Third, it’s about money. Records at the Tennessee Registry of Election Finance indicate StudentsFirst spent more than $200,000 lobbying the legislature on school choice in 2014 (when Lee’s current Legislative Affairs Director was heading the group). Additionally, the group spent nearly $600,000 on legislative campaigns that year by way of a political action committee. Likewise, in 2018, the Tennessee arm of American Federation for Children spent just over $250,000 on campaigns.
That’s a lot of campaign money going out, but where does all the public money these vouchers will spend end up going?
Well, roughly one month after the voucher bill was signed into law, a North Carolina-based private school announced plans to expand into Nashville. The school, Thales Academy, notes it does not offer transportation, a cafeteria, athletic programs, or special education services. They will, however, accept Tennessee tax dollars to pay for student tuition.
Closer to home, perhaps, is the private school affiliated with the church Lee attends. The school, Grace Christian Academy, recently expanded and now offers a full K-12 experience for students.
This type of opportunistic expansion is just what new House Speaker Sexton warned about in an address to a local school board in his district back in 2017:
“For Sexton, the vouchers offer ‘false hope’ because the vouchers can’t cover the entire cost of private school tuition,” reported the Crossville Chronicle at the time. “That could lead to a boom of private for-profit schools opening that would accept the voucher funds, ‘which may or may not be great schools,’ Sexton said.”
Turns out, Sexton was right on target. Now, he’s at odds with a governor from his own party. Based on how Lee has treated others who have opposed his aggressive school privatization agenda, Sexton may be the next in line to receive “friendly fire.”

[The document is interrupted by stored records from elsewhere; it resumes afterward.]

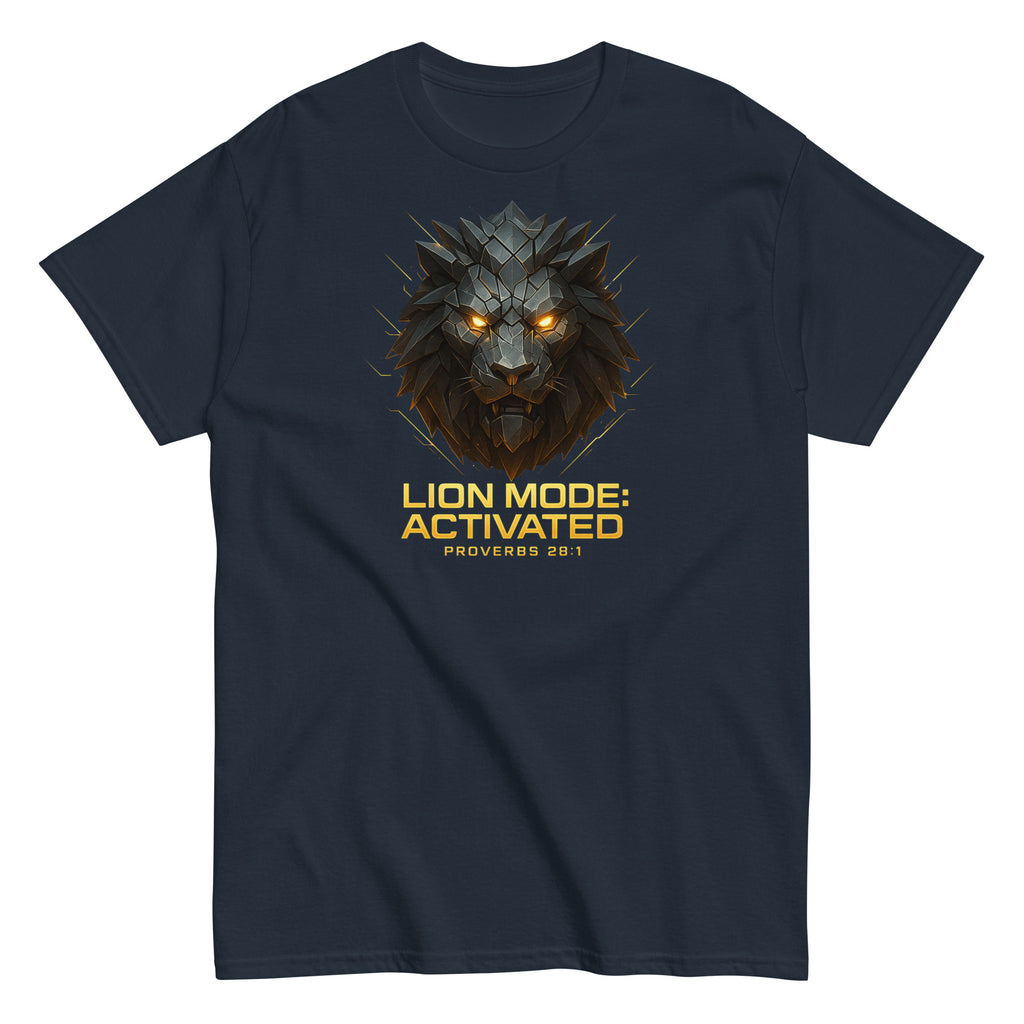 Navy blue t-shirt with a lion graphic and text on a white background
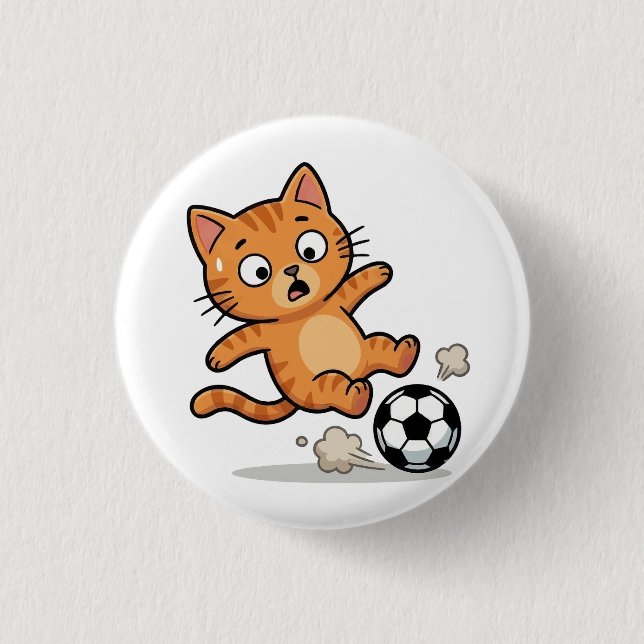Macaron Rond 2,50 Cm Funny Soccer Cat Kicking Ball Button (Devant)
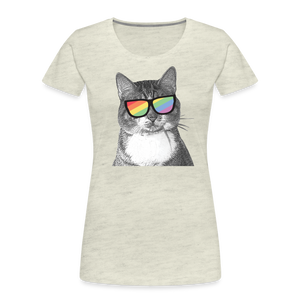 Pride Cat Contoured Premium T-Shirt - heather oatmeal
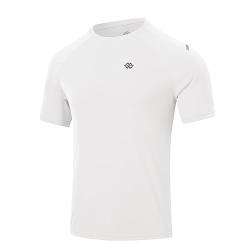MoFiz Sport T-Shirts Herren Laufshirt Kurzarm Schnelltrocknend Fitnessshirt Atmungsaktiv Trainingsshirt Männer T-Shirts mit Rundhalsausschnitt Weiß 2XL von MoFiz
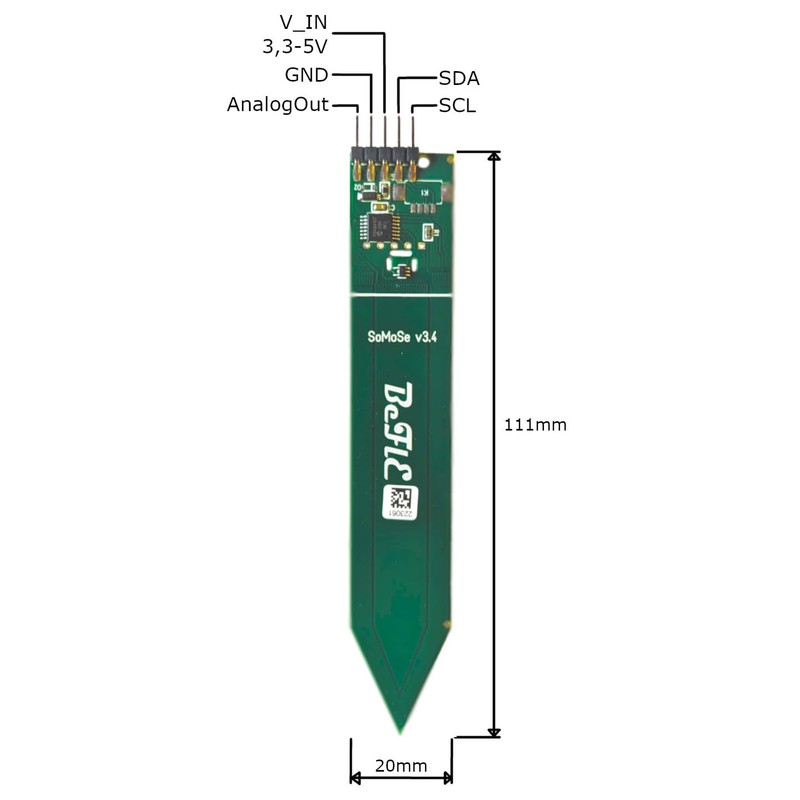 BeFlE SoMoSe v3.4 Capacitive Soil Moisture Sensor with Temperature Sensor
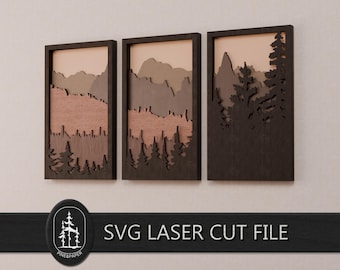 Mountain Forest Landscape 3D Layered SVG DXF Bundle - Multi-layer Laser Cut File - Glowforge, xTool & LightBurn - Instant Download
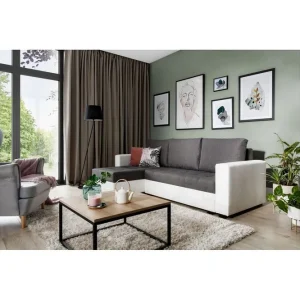 Sektionssoffa Eltap Newark 237x150x90 cm Sawana 05, Soft 17, Grå, Vit - Möbler Reapris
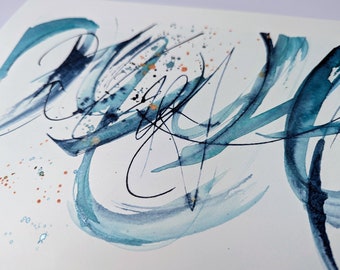Original abstract calligraphy art - A4 acrylic ink painting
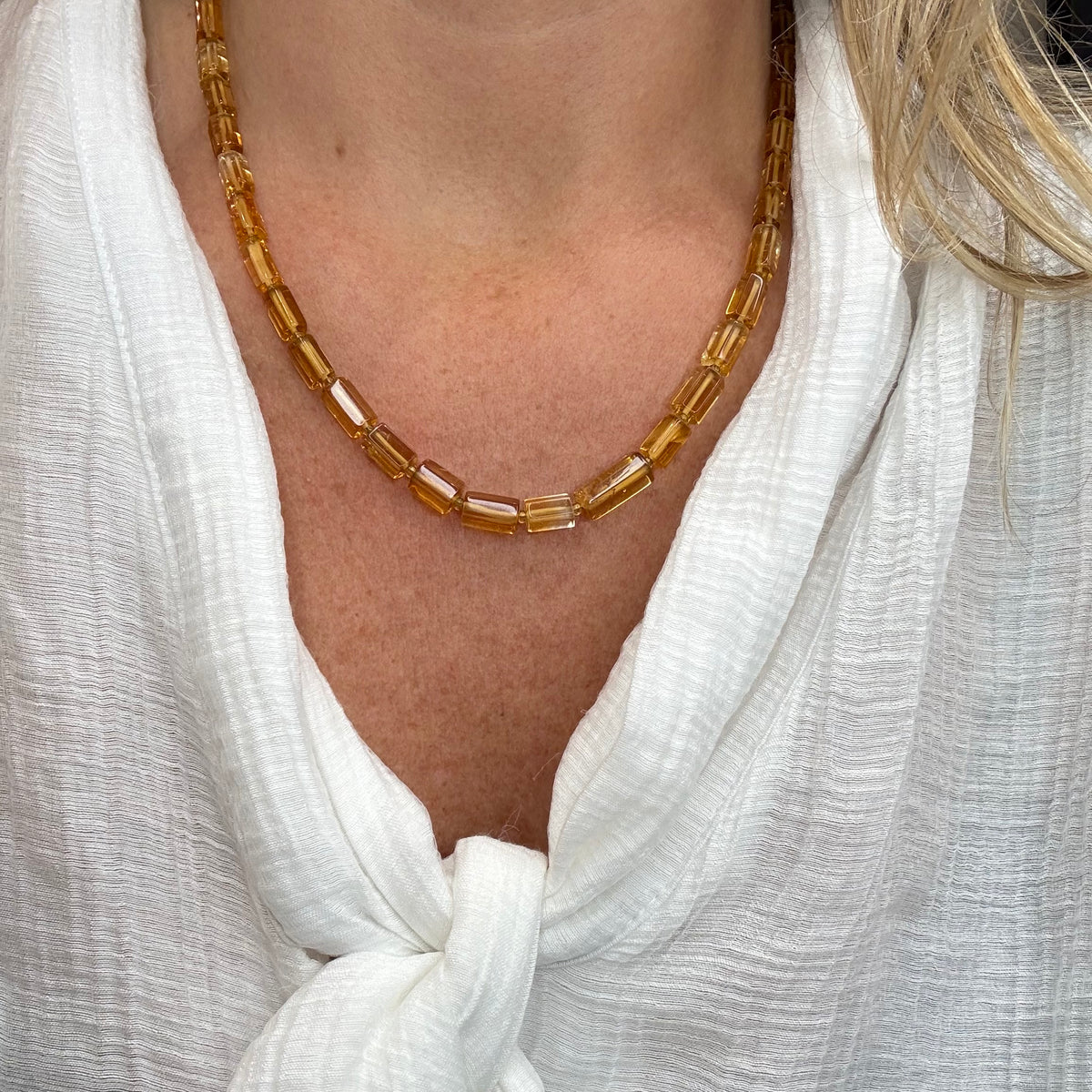 Citrine Golden Gold Beads Necklace - Limited Edition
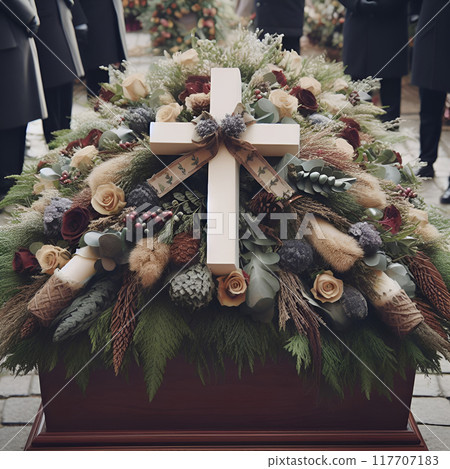 Attributes necessary for any funeral: coffin, tombstone, wreaths and cross 117707183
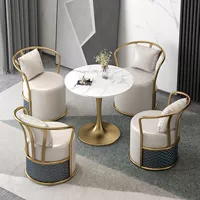 Round marble table and chair set, slate snow mountain white top, Ø60/70/80 × 75 cm, 3–4 seats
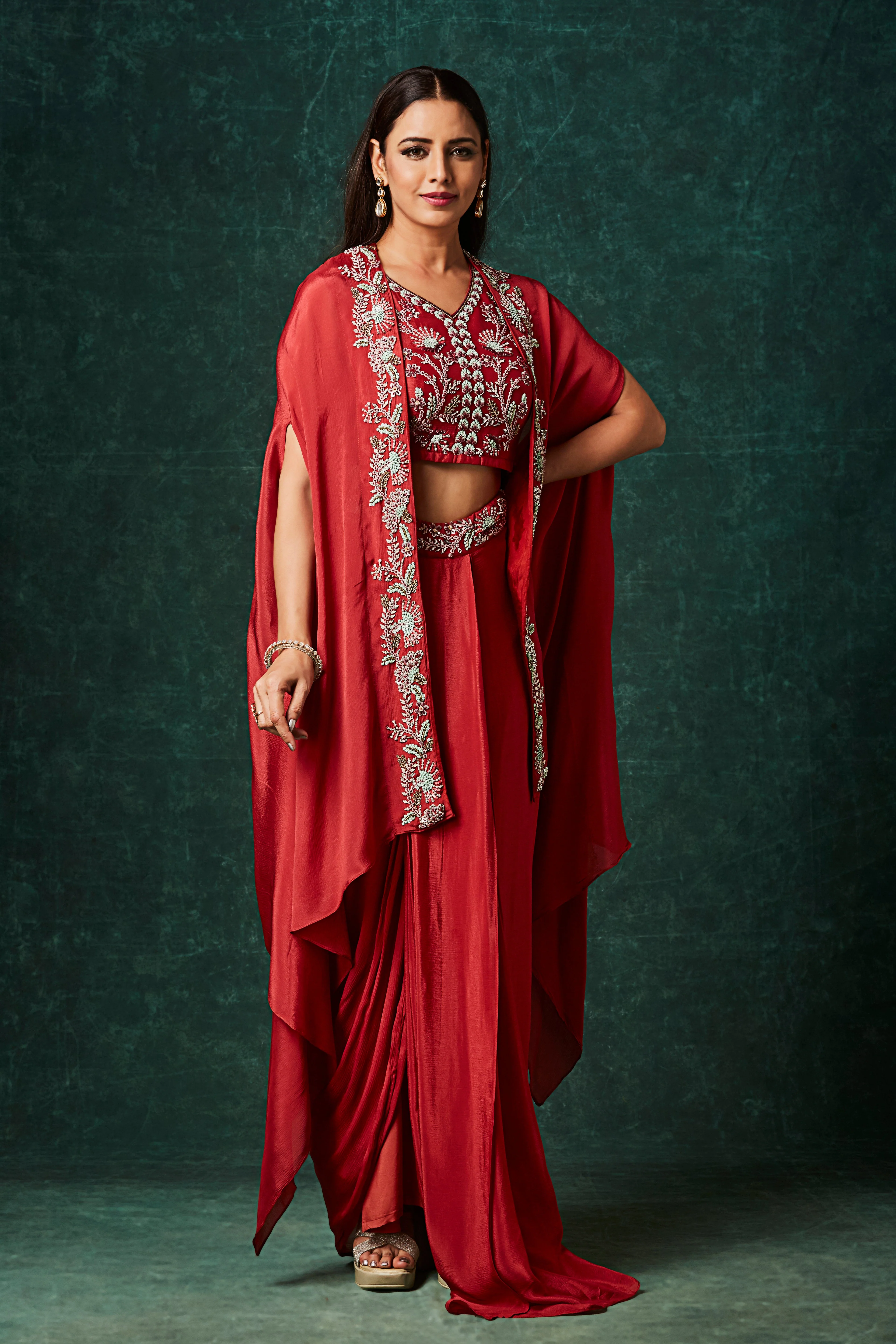 Dark Red Embellished Chinon Silk Cape Set - Image 3
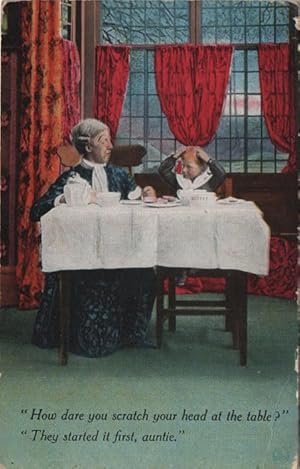 Seller image for hygiene postcard: "How dare You Scratch Your Head at the table?" "They Started It First, Auntie" for sale by Mobyville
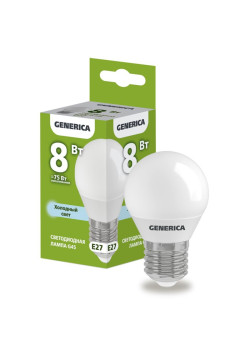 Лампа светодиодная/ Лампа светодиодная G45 шар 8Вт 230В 6500К E27 GENERICA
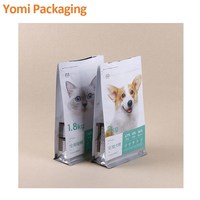 Sachet refermable personnalisé en plastique de qualité alimentaire avec soufflet latéral et fermeture éclair, fond plat, pour l'emballage d'aliments pour animaux de compagnie et de nourriture pour animaux.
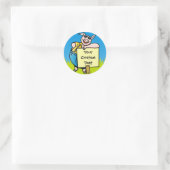 豚の看板 ラウンドシール (バッグ)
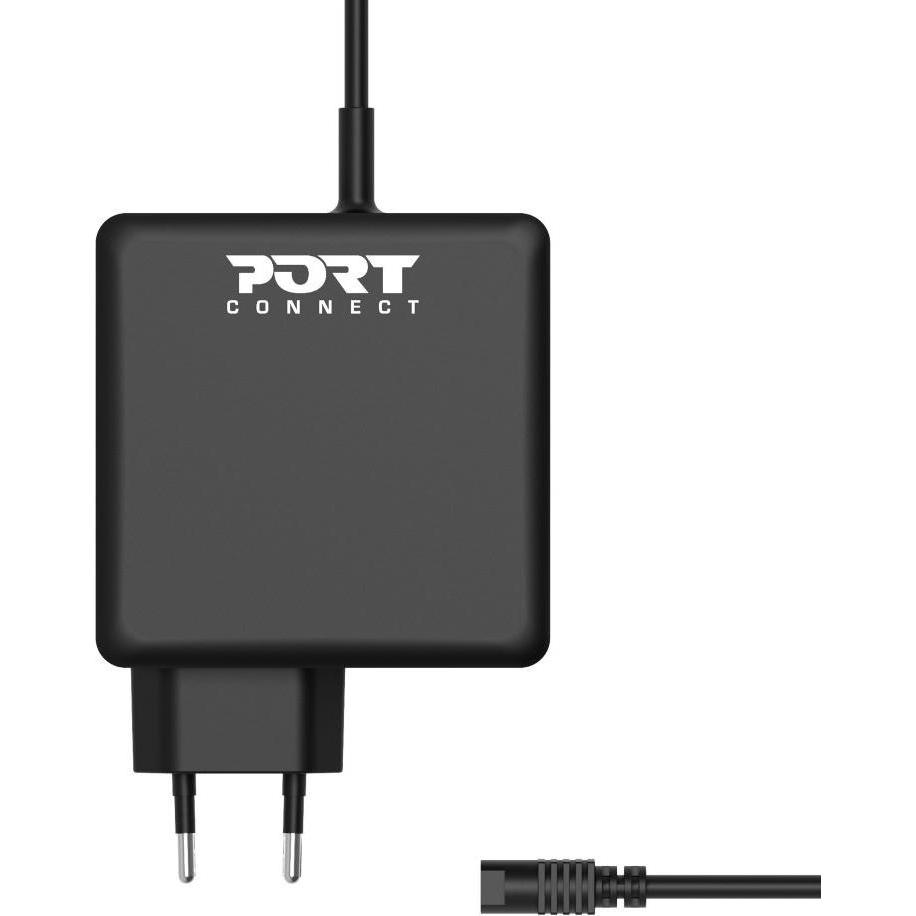 Port Designs PowerSupply 65W Universal (65 W), Notebook Netzteil, Schwarz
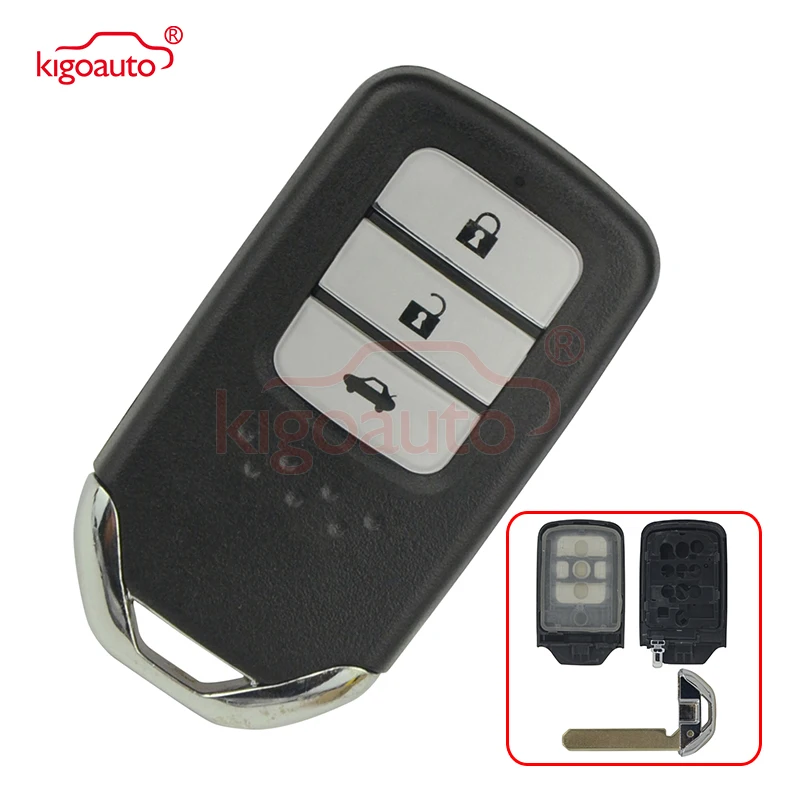 

Kigoauto For Honda Accord CRV Fit smart key shell case with emergency key 3 button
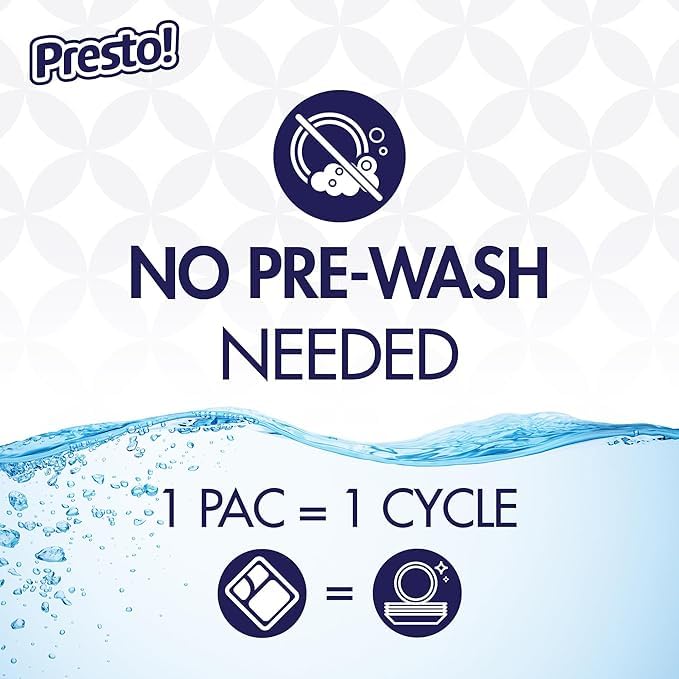 Amazon Brand - Presto! Triple Action Dishwasher Pacs, Anti-spotting, Fresh Scent, No Phosphates or Chlorine, 70 Count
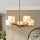 Endon 116994 - Lustre com corrente HEATHCLIFF 5xE14/7W/230V latão/freixo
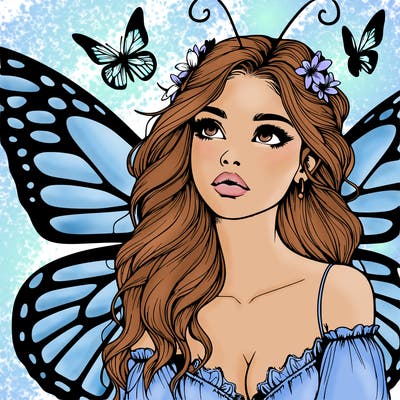 butterfly fairy realistic girl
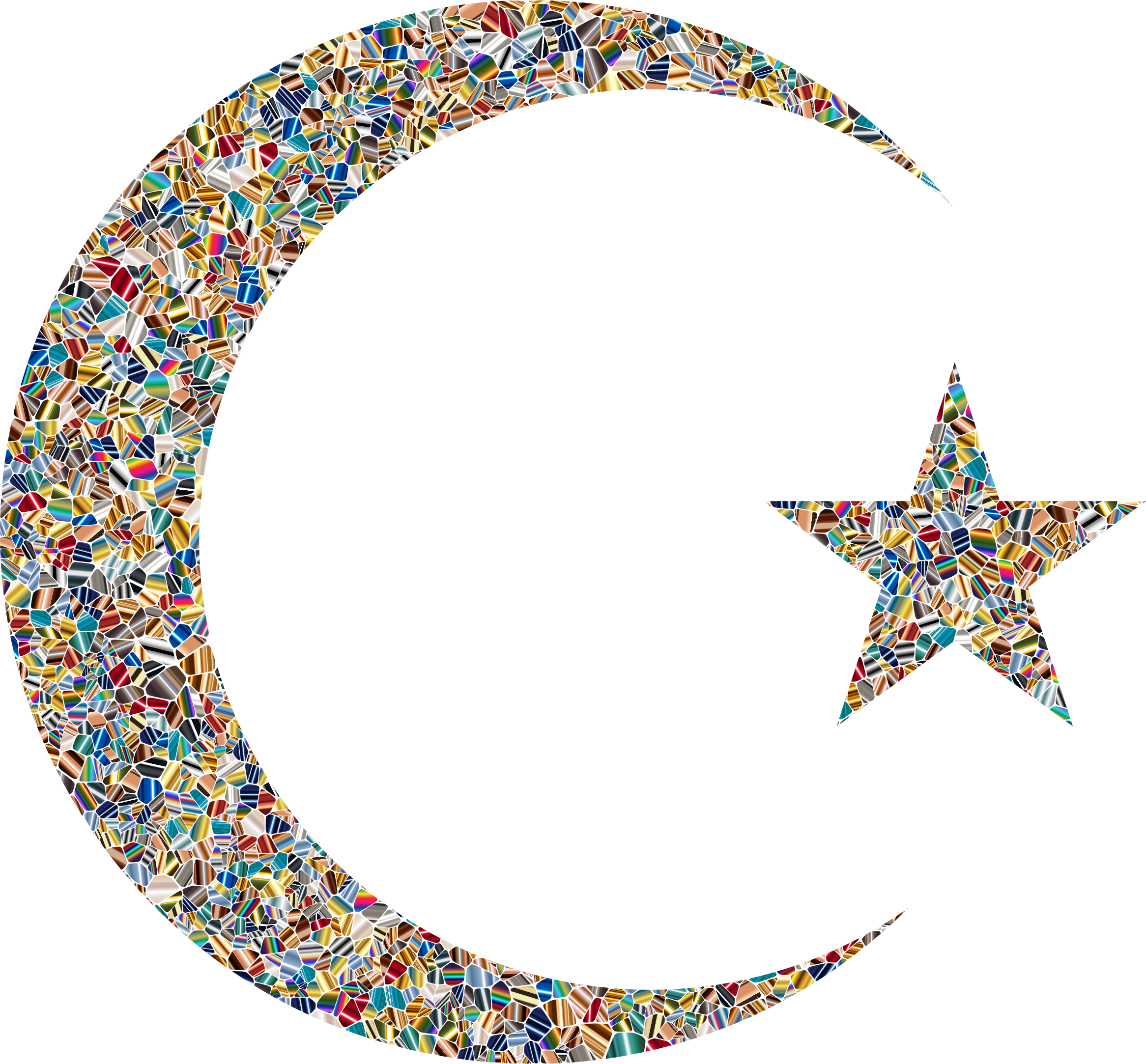 Clipart Psychedelic Tiled Crescent Moon - Eid Moon And Star (2332x2166), Png Download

The question going forward will be whether Sexton can navigate his House colleagues toward a long-term solution that favors public schools as he suggested soon after being appointed as speaker: “We should do everything we can to improve all public schools in the state of Tennessee so they can be successful,” he said. “I would rather go that route than the voucher route.”
Or, will Sexton become a victim of the forces of privatization led by the likes of Betsy DeVos and Bill Lee and backed by seemingly endless funding?
The result of this internecine struggle over vouchers in Tennessee could determine how the GOP addresses the issue across the country.